* _Exercise requirements_
Drop the images; return everything else in the listing below exactly.

* _Dataset section_
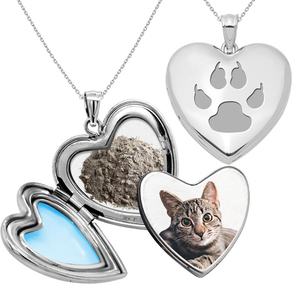 Cat Paw Print Cremation   Hair Photo Locket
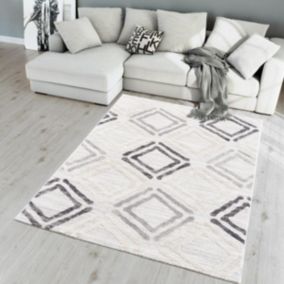 tapis chambre 120x160 tissé gris clair et gris foncé rectangle motif géométrique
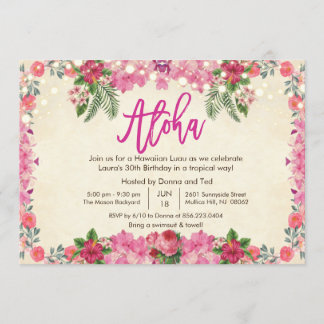 JEDES ALTER - Aloha Luau Tropical zum Geburtstag E Einladung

* _Answer section_
 Cat Paw Print Cremation   Hair Photo Locket
 tapis chambre 120x160 tissé gris clair et gris foncé rectangle motif géométrique
 JEDES ALTER - Aloha Luau Tropical zum Geburtstag E Einladung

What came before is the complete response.